We moeten hier echt heel goed naar kijken. Vandaar ook de instelling van een staatscommissie o.l.v. Richard van Zwol. - Op het gebied van Energie en klimaat – onze afhankelijkheden zijn pijnlijk duidelijk geworden. Hoe zorgen we voor de energiezekerheid die onze economie en maatschappij kan dragen, managen we onze transitie en houden we de klimaatdoelen overeind? Gaan we die 1,5 graad halen? En zorgen we voor voldoende draagvlak? Wie gaat het betalen?
- Op het gebied van Kapitaal – waar (her-)vinden we in een wereld waar het economische en financiële zwaartepunt verschuift naar Azië, de motor van onze productiviteit die nodig is voor groei? En hoe zorgen we dat die groei duurzaam is en onze planeet niet schaadt.
- En, zou ik als laatste toch nog een zesde punt willen toevoegen, op het gebied van onze politieke systemen.
Ik sta hier vandaag in ‘’het nieuwe Brabant’’ waar, net zoals in alle overige provincies, deze week een werkelijke politieke aardverschuiving heeft plaatsgevonden.
En dus… zijn felicitaties op zijn plaats aan de winnaars. En bescheidenheid voor wie heeft verloren. De kiezer heeft het laatste woord. Altijd.Daarmee rust nu op de schouders van de winnaars de verantwoordelijkheid om verbinding te zoeken. En om in transparantie en gedegenheid tot nieuwe besturen te komen. Dat proces wordt nu met behulp van verkenners gestart, een hoopvol signaal.
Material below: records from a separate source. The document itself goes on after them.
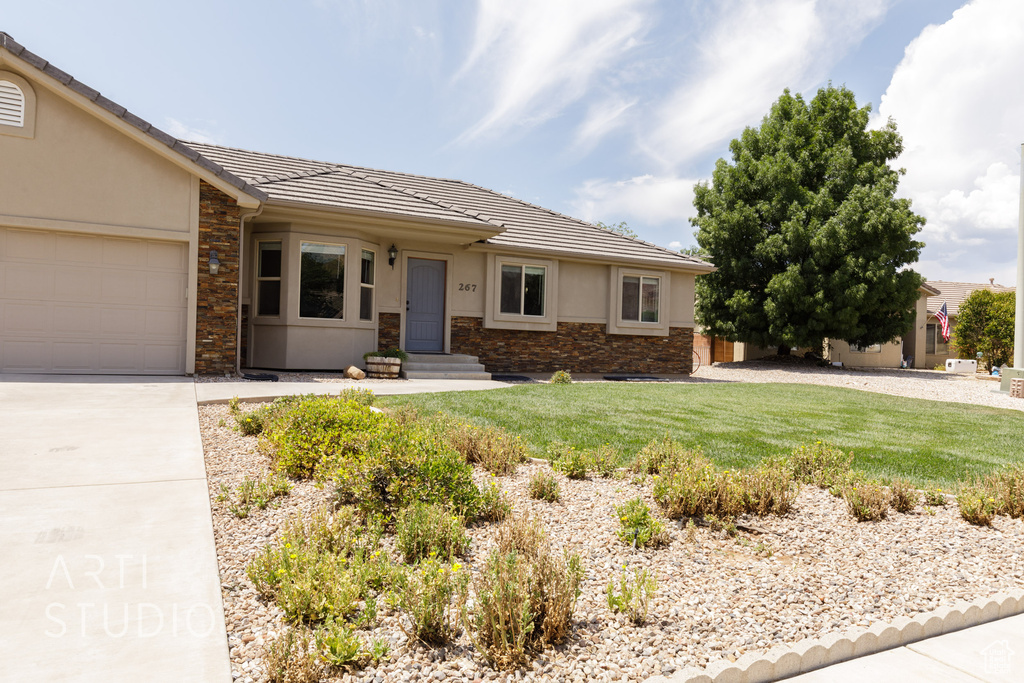 Single story home with a garage and a front yard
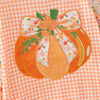 A close-up of an embroidered pumpkin applique with a large floral bow, green stem, and orange leaves, stitched onto an orange and white gingham fabric background.
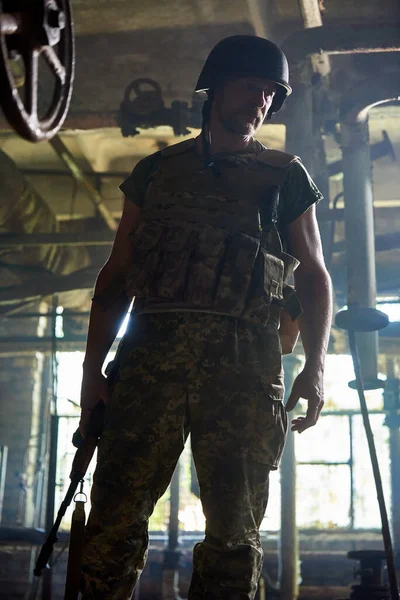 A Ukrainian soldier in a helmet and body armor stands in a house destroyed by a bomb.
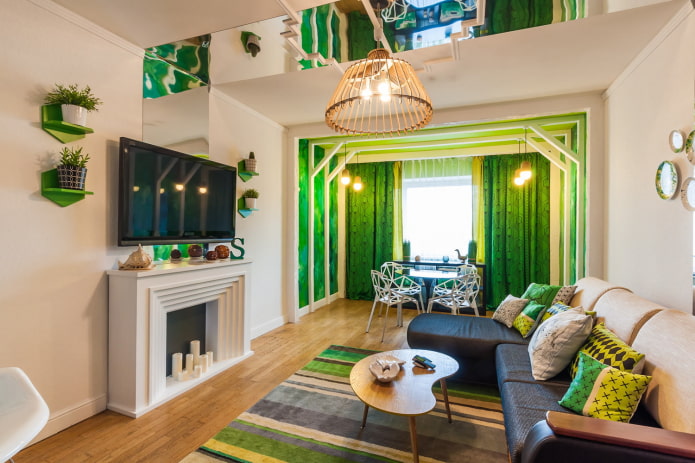 sala de estar iluminada com detalhes em verde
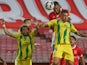 Tondela players challenge for the all against Benfica in June 2020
Daar is de hele samenleving bij gebaat, zeker een die op zoek is naar zijn samenhang, zijn cohesie.
Deze verkiezingen zijn ook een bewijs van de inherente dynamiek en vitaliteit van ons democratische systeem. Een systeem dat meer is dan hoe en wie we kiezen. Democratie is ook: het primaat van het recht, waar niemand boven staat. Onafhankelijke instituties, die voor checks en balances zorgen. Geen winner takes all, zoals in de VS, maar luisteren naar de minderheid, een langjarige Nederlandse traditie.
Een grote verantwoordelijkheid. Want laten we niet vergeten: het succes van dit systeem, van onze liberale democratieën is ongeëvenaard, als we kijken naar de welvaart, vrijheden en welzijn die het burgers biedt. Een groot goed, dat we moeten blijven koesteren. En daarom is die zesde uitdaging minstens net zo groot als de eerste vijf.
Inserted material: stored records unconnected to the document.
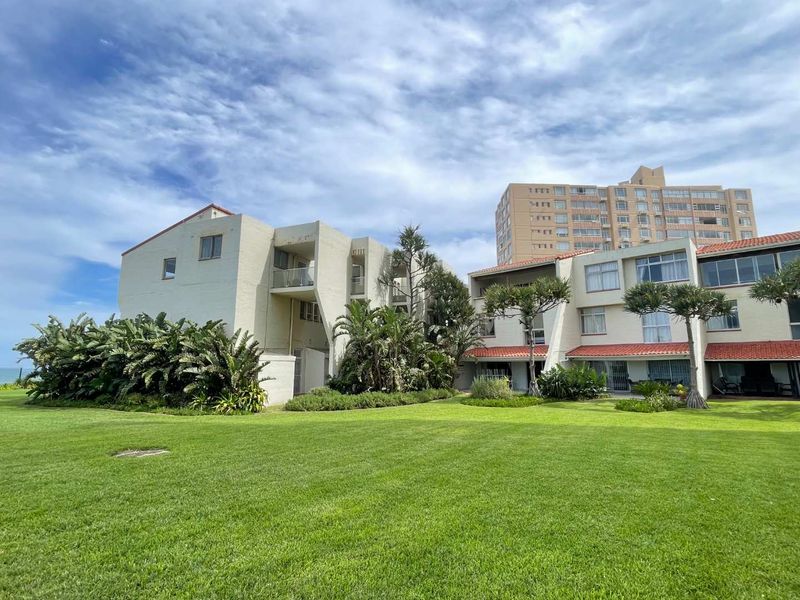 A view of the apartment complex rear facade featuring landscaped lawns, terracotta roof tiles, and private balconies.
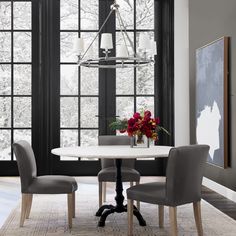 a dining room table with four chairs and a chandelier hanging from the ceiling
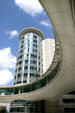 Circular pedestrian bridge over Smith Street with circular mirrored building. Houston, TX.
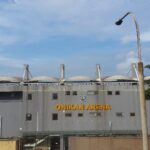 Back exterior view of Onikan Arena (Mobolaji Johnson Arena) in Lagos showing the stadium facade and surroundings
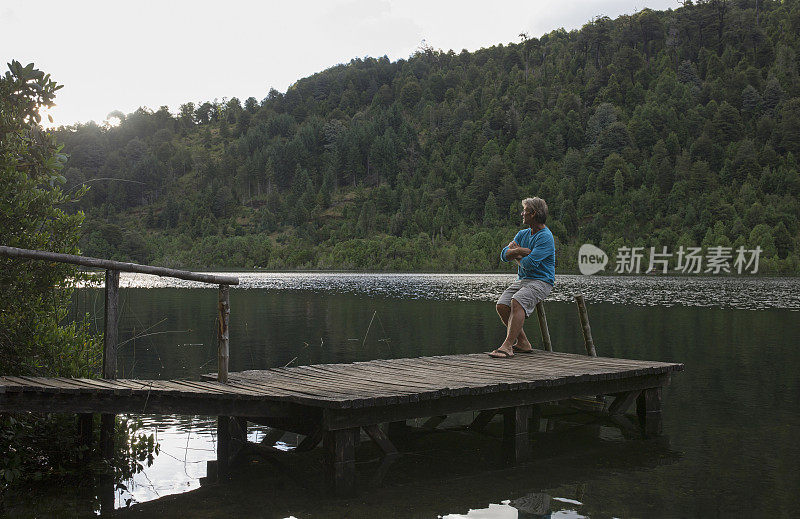 日出时分，男子在湖边码头休息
Kort samengevat: yes, politics matters. Politiek doet er toe, zeker nu. Als een force for good. Daar kennen we mooie voorbeelden van. Uit de internationale geschiedenis. Maar zeker ook als we inzoomen op onze eigen nationale geschiedenis.
Ik zou hier bijvoorbeeld kunnen verwijzen naar het Akkoord van Wassenaar, dat in de jaren tachtig onder leiding van Premier Lubbers en de sociale partners de basis legde voor economisch herstel na tijden van schrikbarend stijgende werkloosheid.
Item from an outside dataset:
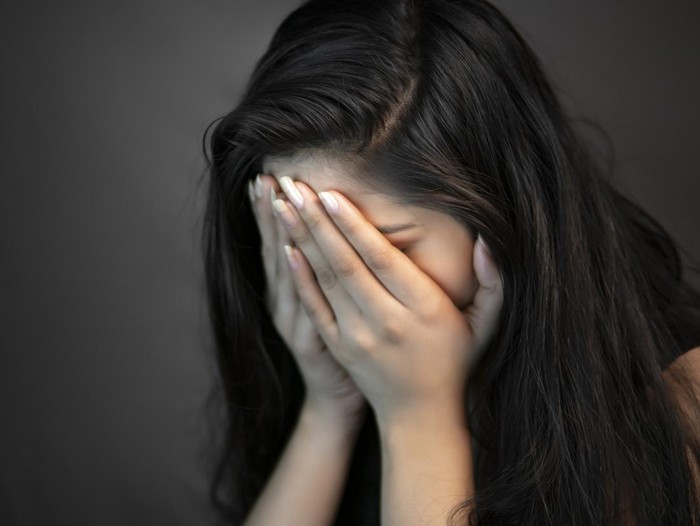 Close-up portrait of alone, stressed young woman sitting in darkness and crying with covering her face with hands.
En ik weet dat Professor Eijffinger mij vandaag hoopt te horen spreken over een soort omgekeerd akkoord van Wassenaar als oplossing voor de problemen van nu. Maar ik noemde het Akkoord van Wassenaar met een andere reden. Het is een voorbeeld dat laat zien: elk tijdperk, hoe verschillend ook, wordt door mensen gemaakt.
Alles is mensenwerk. Mensen zoals u en ik.
En als velen in ons land momenteel het gevoel hebben dat we op de drempel van een nieuw tijdperk staan, dan zit daar wat mij betreft behalve de onzekerheid meteen ook de hoop. Dat we het samen gaan doen. Bestuur, kennisinstellingen, bedrijfsleven. Triple Helix. Het Chinese woord voor onzekerheid betekent ook ‘’kans’’.
En daar zit ook de opdracht. Aan u, aan mijzelf als bewindspersoon in dit kabinet, aan ons allen.
To get it right - ons antwoord op de vraag: hoe moet het tijdperk waar we nu gaan bouwen over twintig jaar worden genoemd?
Welke samenleving willen we zijn?
Kunnen we nieuwe wegen inslaan en vaste waarden behouden?
Ik zal u zeggen hoe ik dat zie, een jaar of veertig na ‘Nieuwe Wegen, Vaste Waarden’, het toenmalige verkiezingsprogramma van het CDA.
Vanuit welke visie ik opereer als minister van Sociale Zaken en Werkgelegenheid.
Maar ik zeg er meteen bij: ik kan dat niet alleen, ik heb u daar bij nodig.
Kernwoorden zijn daarbij wat mij betreft perspectief. En, zoals ik net ook al zei: hoop.
Een samenleving met perspectief is een samenleving met veerkracht. En juist nu, met de uitdagingen waar we voor staan, hebben we die veerkracht keihard nodig. Van iedereen, want we hebben iedereen nodig. Zodat we samen de schouders er onder kunnen zetten.
Zonder perspectief ben je niet bereid om dat kleine stapje achteruit te zetten, zodat de hele samenleving een stap vooruit kan zetten.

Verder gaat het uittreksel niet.